Quick -- let's say you want to invest in a broad-market index fund, but you don't like that the index includes alcohol producers such as Anheuser-Busch
Well, you're in luck -- no matter your religion, you might want to look into indexes and mutual funds that respect Islam's Shariah law. It frowns on companies involved in alcohol, pork, and tobacco, for starters. It also avoids many entertainment companies, as well as financial firms -- because the Islamic faith believes that things such as gambling, pornography, and even interest charged by banks are immoral. (Some Muslims and banks interpret the law to permit simple interest, but not compound interest.)

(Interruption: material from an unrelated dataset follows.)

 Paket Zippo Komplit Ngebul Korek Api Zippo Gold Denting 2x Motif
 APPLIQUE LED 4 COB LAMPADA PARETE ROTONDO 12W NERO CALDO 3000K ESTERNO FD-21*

Indexes aside, there are actively managed mutual funds that respect Islamic principles, as well. And they show that a Shariah connection isn't enough to ensure good performance -- just like most other groups of funds, their performances vary widely. The Azzad Ethical Mid Cap (ADJEX) fund, for example, has done a little worse than the S&P 500 over the past five years, and it charges a rather steep expense ratio (annual fee) of 2.25%. (With a significantly lower fee, it would have beaten the S&P 500.) The fund's holdings recently included Western Digital
The Amana Trust Growth (AMAGX) fund, meanwhile, has trounced the S&P 500 over the past five years, averaging 19% annual growth with a more reasonable expense ratio of 1.35% and recent top holdings including Qualcomm and Intel
You needn't invest in these kinds of funds (though the Amana fund holds some appeal!) or follow these indexes, but it's good to be familiar with this new kind of investment possibility. Be ready to see many more Shariah-compliant investments introduced, as the Middle East is sporting some strong stock market performances lately and drawing much investor interest. (The Saudi stock market, despite a sharp drop in 2006, has averaged annual growth of around 35% over the past five years.)